How to map one key stroke to a cluster of Unicode Characters

I’m tying to modify an existing keyboard ( Telugu Winscript (NLCI) keyboard)

In this keyboard, typing ‘ksh’ will produce U+0c05 U+0c0e U+0c37 (క్ష).
To minimize the keystrokes I want to mimic what ‘ksh’ can do with a single letter. Lets say the single letter is ‘f’. Pressing ‘f’ must produce U+0c05 U+0c0e U+0c37 (క్ష).

I understand how to map multiple keystroke to one Unicode character. But I’m lost when trying map one key stroke to multiple Unicode clusters. Hardcoding each letter that can be formed from ‘ksh’ is one way but that is not in the spirit of programming. If I succeed in this I also want to extend to nukta (U+0C3C) in the future. So, I don’t want to hardcode. Any input is appreciated.

Thank you.

I believe that this is the code you need:

+ [K_F] > U+0c05 U+0c0e U+0c37

or

+ [K_F] > 'క్ష'

Hello Matthew. Are you asking that if insert + [K_F] > U+0c05 U+0c0e U+0c37 (or + [K_F] > ‘క్ష’), am I getting the desired output?

I believe that either version (the version with letters or the version with unicode values) will give the desired output. Choose the version which is easier for you to read.

Let me know if it doesn’t work.

It would get mapped to the single instance. But I also want all the vowel diacritic derivatives to follow f.
Example of desired output:
f → క్ష
fA → క్షా
fi → క్షి
fI → క్షీ
fu → క్షు
fU → క్షూ
etc…

I tried
store(vowelKeys) “AiIuUReEYoOVMH”
store(vowelMatras) “ాిీుూృెేైొోౌంః”

  • ‘f’ > ‘క’ ‘్’ ‘ష’ dk(ksha)
    dk(ksha) + any(vowelKeys) > ‘క’ ‘్’ ‘ష’ index(vowelMatras, 2)

Now when I type, fA, fi, I’m getting క్షక్షా, క్షక్షి instead of క్షా, క్షి.

Please let me know if my question still doesn’t have clarity.

Ok, that’s helpful context. What’s happening is that f runs before fA.

Once the letters have been output, they become part of the context (before the +).

This is one possible (simplified) way to do it:

+ [K_F] > 'క్ష'
'క్ష' + 'A' > 'క్షా'
'క్ష' + 'i' > 'క్షి'

The letter ‘f’ outputs ‘క్ష’ and the vowels replace ‘క్ష’ with the full form.

I’m on my phone and can’t examine all of the characters.

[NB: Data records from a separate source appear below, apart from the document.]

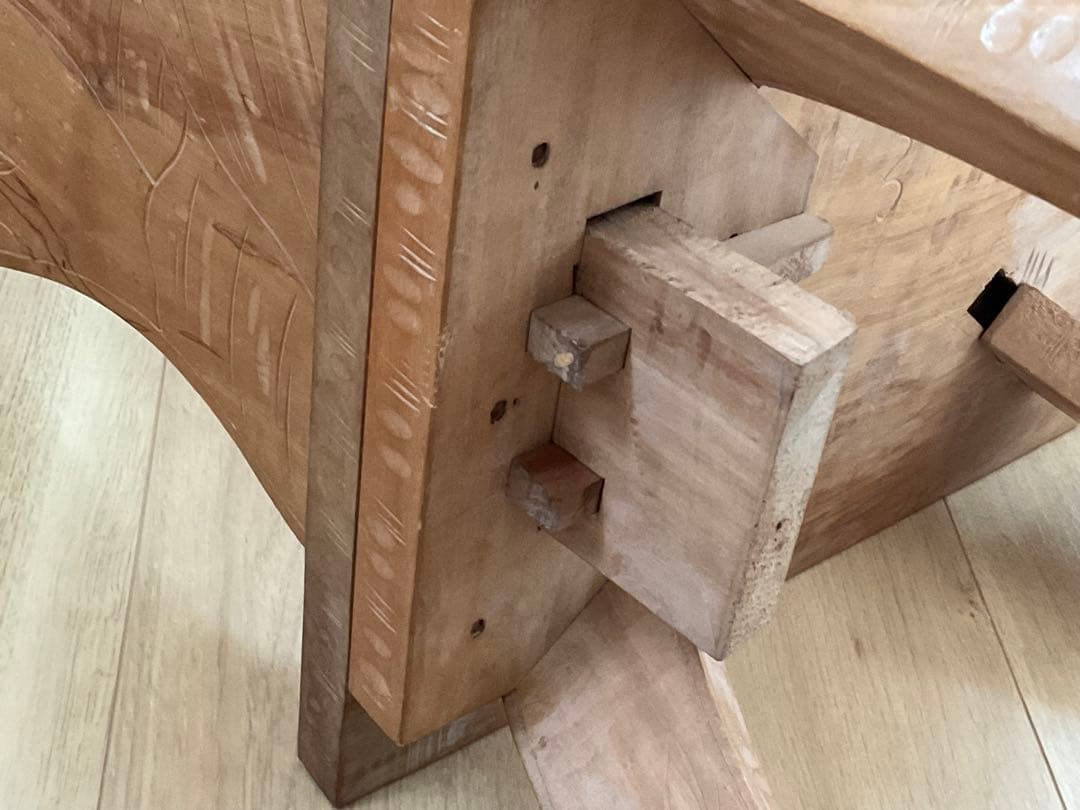 軽井沢彫り　桜彫刻　ダイニングチェア　椅子　イス　軽井沢彫　伝統工芸品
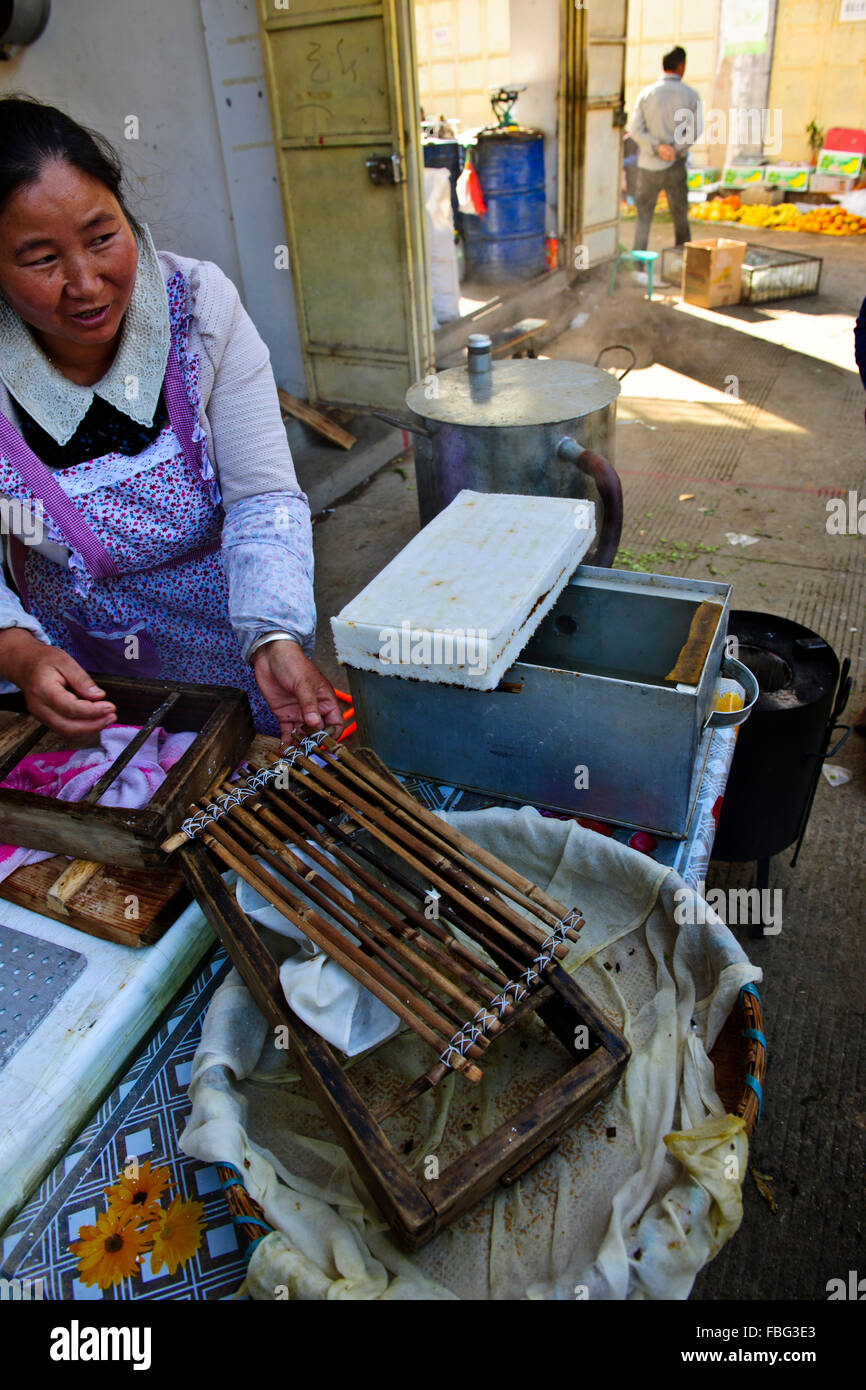 Shaxi,aliments,Marché,Légumes,épices Ingrédients médicinaux chinois de la province de Yunnan, Chine, République populaire de Chine, Chine Banque D'Images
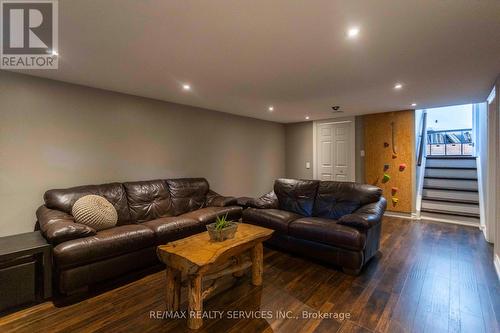 18 Parkend Avenue, Brampton (Brampton South), ON - Indoor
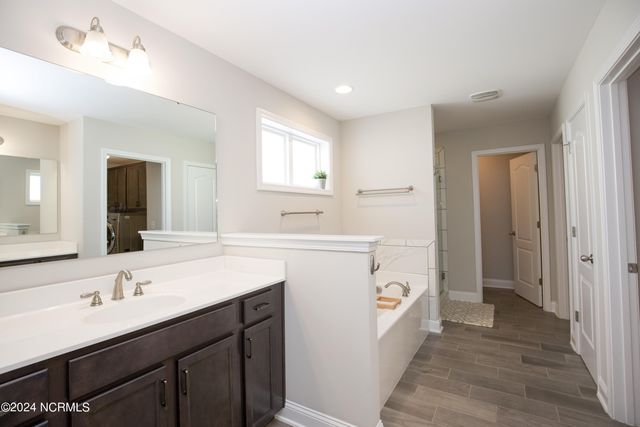 240 Parrish Lane, Carthage, NC 28327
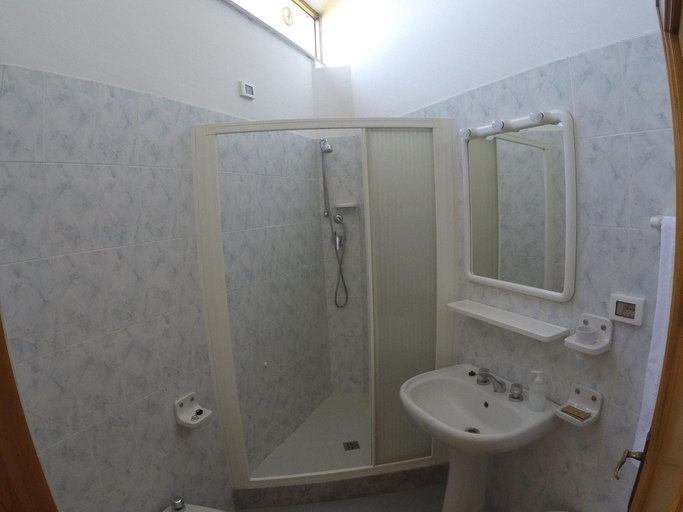 Bathroom 5, Hotel Nyers, Perugia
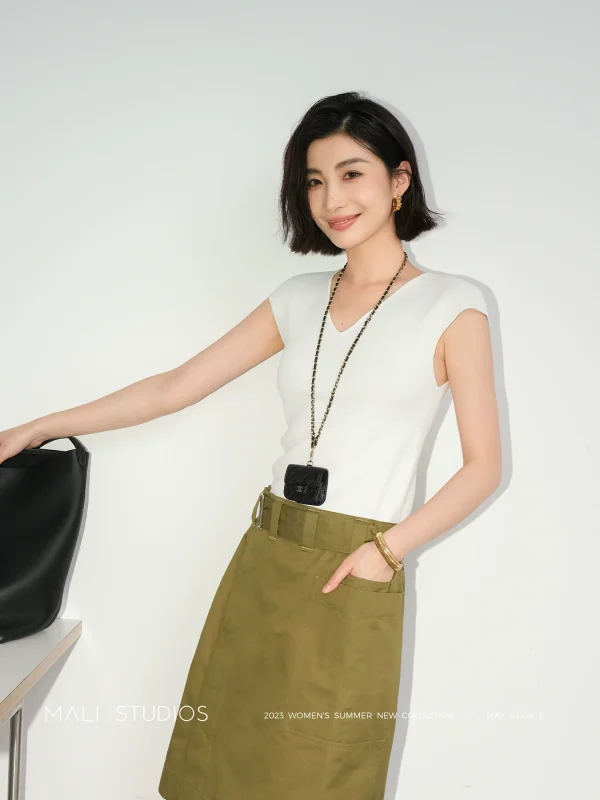 MALI｜冰感曲珠纱_法式V领修身显瘦连肩袖针织衫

If you’re only ever adding one character/diacritic for the vowel, you could write it with the groups and index method you proposed, but that may become difficult as group/index rules can only output one character at a time.

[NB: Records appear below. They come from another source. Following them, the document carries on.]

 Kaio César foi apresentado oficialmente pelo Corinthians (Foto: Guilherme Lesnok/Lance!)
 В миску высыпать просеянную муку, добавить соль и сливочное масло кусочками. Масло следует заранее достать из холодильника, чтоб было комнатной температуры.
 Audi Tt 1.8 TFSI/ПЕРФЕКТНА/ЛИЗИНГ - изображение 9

To be honest, I’m not sure what is going on with your dead keys (I’ve never seen them in the output side), but I’m proposing using the output of ‘f’ as the context of your vowel rules. That should work.

This should work, replacing the output of ‘f’ with the new full string.

store(vowelKeys) "AiIuUReEYoOVMH"
store(vowelMatras)    "ాిీుూృెేైొోౌంః"

'f' > 'క్ష'
'క్ష' + any(vowelKeys) > 'క' '్' 'ష' index(vowelMatras, 2)

I got the following error:
KM0200A: Invalid token found character offset: 4token

  • [K_F] > ‘క్ష’
    ‘క్ష’ + ‘A’ > ‘క్షా’
    ‘క్ష’ + ‘i’ > ‘క్షి’
    Hardcoding is an option like you mentioned earlier. But there are two problems:
  1. For all the other consonants, longer forms are vowels work with A and aa; I and ii; U and uu etc. If I hardcode like above, I would only capture capital letters.
  2. Telugu language doesn’t have sounds such as z, f, and a(as in apple). One workaround to overcome this is use nukta ( U+093C) under existing letters. For example nukta under జ(ja) would become జ with dot below it and it would be pronounced as za. To implement such practice, we would again run into challenge that we are facing with క్ష. Since nukta is not part of official language, any letter with a nukta below will become a combination of at least two distinct Unicode characters. Hence, I want to avoid hardcoding.